If I Die Without a Will in NJ, Will My Family Receive My Assets? A Look at the Case of Sally Rosenthal

Will your assets pass to family if you die without a Will in New Jersey? Not necessarily. In some cases, a decedent’s property can actually escheat, or revert, to the State of New Jersey when the decedent has living relatives. The only way to ensure that your property is distributed according to your wishes is to execute a Will. While it may be tempting to let estate planning take a back burner to the hustle and bustle of everyday life, having a Will and other necessary estate planning documents helps your loved ones avoid additional hassles at the time of your passing.

Intestacy laws govern what happens to a person’s assets when he or she dies without a Will. Intestacy laws, however, do not interfere with assets that are jointly owned–those go to the survivor; or assets that are subject to a separate designation of beneficiary–those go to the designated beneficiary. In New Jersey, heirs must survive the decedent by at least 120 hours to inherit. New Jersey has adopted an intestacy system that only considers those relatives in the third branch and closer as “heirs” for the purposes of intestate succession. This is known as a parentelic system. The first branch includes the decedent, his children, grandchildren and great-grandchildren. The second branch includes decedent’s parents, siblings, and nieces and nephews down the line to great-grandnieces and great-grandnephews. The third and final branch of heirs for purposes of the New Jersey intestacy laws consists of the decedent’s grandparents and descendants of grandparents including aunts, uncles, and first cousins.

It is important to note that if a decedent dies without a Will and has a spouse or domestic partner, that spouse or partner may not inherit the full estate. This debunks the common misconception that if you pass without a Will, your spouse will automatically receive everything. The surviving spouse or partner’s share depends on many things including but not limited to whether the couple had children together, whether there are children from a prior marriage, and whether the decedent has parents who are still living.

The following chart summarizes the current New Jersey intestacy laws.

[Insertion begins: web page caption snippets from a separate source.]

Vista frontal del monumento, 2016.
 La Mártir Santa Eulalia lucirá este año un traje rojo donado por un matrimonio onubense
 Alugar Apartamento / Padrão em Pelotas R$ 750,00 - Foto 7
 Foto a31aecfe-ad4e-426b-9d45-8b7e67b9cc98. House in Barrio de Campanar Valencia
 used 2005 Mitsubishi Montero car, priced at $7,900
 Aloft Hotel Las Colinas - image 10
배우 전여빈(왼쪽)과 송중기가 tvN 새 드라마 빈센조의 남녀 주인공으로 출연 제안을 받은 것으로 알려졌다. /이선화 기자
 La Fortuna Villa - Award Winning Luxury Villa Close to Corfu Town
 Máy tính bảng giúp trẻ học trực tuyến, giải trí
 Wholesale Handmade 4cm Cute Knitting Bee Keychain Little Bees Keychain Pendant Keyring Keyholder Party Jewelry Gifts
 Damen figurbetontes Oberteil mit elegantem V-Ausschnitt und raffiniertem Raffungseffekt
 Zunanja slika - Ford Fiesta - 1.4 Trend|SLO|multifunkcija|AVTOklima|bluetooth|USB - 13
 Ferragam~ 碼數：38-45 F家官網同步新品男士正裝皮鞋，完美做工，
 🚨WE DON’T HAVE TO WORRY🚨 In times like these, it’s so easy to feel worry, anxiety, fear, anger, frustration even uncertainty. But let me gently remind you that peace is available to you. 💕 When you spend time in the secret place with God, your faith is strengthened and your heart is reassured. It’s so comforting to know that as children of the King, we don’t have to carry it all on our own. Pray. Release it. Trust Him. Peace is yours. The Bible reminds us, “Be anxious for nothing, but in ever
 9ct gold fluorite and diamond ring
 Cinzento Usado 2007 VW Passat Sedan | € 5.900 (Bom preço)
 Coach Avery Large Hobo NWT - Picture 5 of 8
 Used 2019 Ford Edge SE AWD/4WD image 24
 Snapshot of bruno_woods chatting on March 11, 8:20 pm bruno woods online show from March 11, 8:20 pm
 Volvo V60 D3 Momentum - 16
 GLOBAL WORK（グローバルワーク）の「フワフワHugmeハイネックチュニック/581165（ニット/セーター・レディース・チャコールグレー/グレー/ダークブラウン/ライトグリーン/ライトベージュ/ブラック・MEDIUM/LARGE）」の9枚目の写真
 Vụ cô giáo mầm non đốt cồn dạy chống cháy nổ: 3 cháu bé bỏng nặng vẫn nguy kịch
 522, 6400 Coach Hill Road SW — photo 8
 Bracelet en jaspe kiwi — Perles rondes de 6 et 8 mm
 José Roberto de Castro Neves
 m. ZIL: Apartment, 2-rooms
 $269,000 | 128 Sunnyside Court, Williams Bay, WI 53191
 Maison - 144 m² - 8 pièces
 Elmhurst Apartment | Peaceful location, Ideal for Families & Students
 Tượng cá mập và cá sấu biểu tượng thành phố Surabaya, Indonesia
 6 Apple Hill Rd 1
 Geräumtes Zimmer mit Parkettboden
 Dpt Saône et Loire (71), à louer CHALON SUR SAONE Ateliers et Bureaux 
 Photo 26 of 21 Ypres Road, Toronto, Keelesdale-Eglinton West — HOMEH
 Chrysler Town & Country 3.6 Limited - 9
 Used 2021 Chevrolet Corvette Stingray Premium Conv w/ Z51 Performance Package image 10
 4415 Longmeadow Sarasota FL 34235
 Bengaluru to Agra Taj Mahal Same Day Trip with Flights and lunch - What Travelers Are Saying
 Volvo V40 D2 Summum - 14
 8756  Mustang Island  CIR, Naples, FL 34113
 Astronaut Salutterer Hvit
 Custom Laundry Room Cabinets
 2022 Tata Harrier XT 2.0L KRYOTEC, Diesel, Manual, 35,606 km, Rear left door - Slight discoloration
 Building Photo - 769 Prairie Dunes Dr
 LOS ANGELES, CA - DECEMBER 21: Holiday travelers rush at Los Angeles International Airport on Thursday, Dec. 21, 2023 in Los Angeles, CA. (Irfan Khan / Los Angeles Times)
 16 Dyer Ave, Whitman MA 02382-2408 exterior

If Decedent Had: Distribution Would Go To:
Spouse or domestic partner but no descendant or parent of the decedent survives the decedent The entire intestate estate to spouse or domestic partner.
Surviving descendants but no surviving spouse or domestic partner The descendants inherit the entire estate by representation.
Spouse or domestic partner and all of the decedent’s surviving descendants are also descendants of the surviving spouse or domestic partner and there is no other descendant of the surviving spouse or domestic partner who survives the decedent The entire intestate estate to spouse or domestic partner.
Spouse or domestic partner and no descendant of the decedent survives the decedent, but a parent of the decedent survives the decedent Spouse or domestic partner inherits the first 25% of the intestate estate, but not less than $50,000.00 nor more than $200,000.00, plus three-fourths of any balance of the intestate estate. Parent(s) inherit the remaining estate.
Spouse or domestic partner and all of the decedent’s surviving descendants are also descendants of the surviving spouse or domestic partner and the surviving spouse or domestic partner has one or more surviving descendants who are not descendants of the decedent Spouse or domestic partner inherits the first 25% of the intestate estate, but not less than $50,000.00 nor more than $200,000.00, plus one-half of the balance of the intestate estate. Decedent’s descendants inherit the remaining estate.
Spouse or domestic partner and one or more of the decedent’s surviving descendants is not a descendant of the surviving spouse or domestic partner Spouse or domestic partner inherits the first 25% of the intestate estate, but not less than $50,000.00 nor more than $200,000.00, plus one-half of the balance of the intestate estate. Decedent’s descendants inherit the remaining estate.
No surviving spouse or domestic partner and no surviving descendants, but surviving parent(s) Parent(s) inherit the entire estate.
No surviving spouse or domestic partner, no surviving parents, but surviving sibling(s) Sibling(s) inherit the entire estate.
No surviving spouse or domestic partner, descendant, parent or descendant of parent. Surviving grandparent or descendant of grandparent One-half to maternal grandparent(s) or grandparents’ descendants, by representation. One-half to paternal grandparent(s) or grandparents’ descendants, by representation. If no grandparent or descendant of grandparent on one side, all to the other side.
No surviving spouse or domestic partner, descendant, grandparent, parent or descendant of parent. Surviving descendant(s) of grandparent. Descendants take equally if they are all of the same degree of kinship, but if unequal degree, those of more remote degree take by representation.
If no spouse or domestic partner and no surviving grandparent or descendant of grandparent All to decedent’s stepchildren or their descendants by representation.
N.J.S. 3B:5-3 and N.J.S. 3B:5-4.

 

Of note, half-blood heirs inherit the same amount as whole-blood heirs in New Jersey. This means if a decedent leaves only siblings as heirs with two full-blood siblings and one half-sibling, all three siblings would inherit equally.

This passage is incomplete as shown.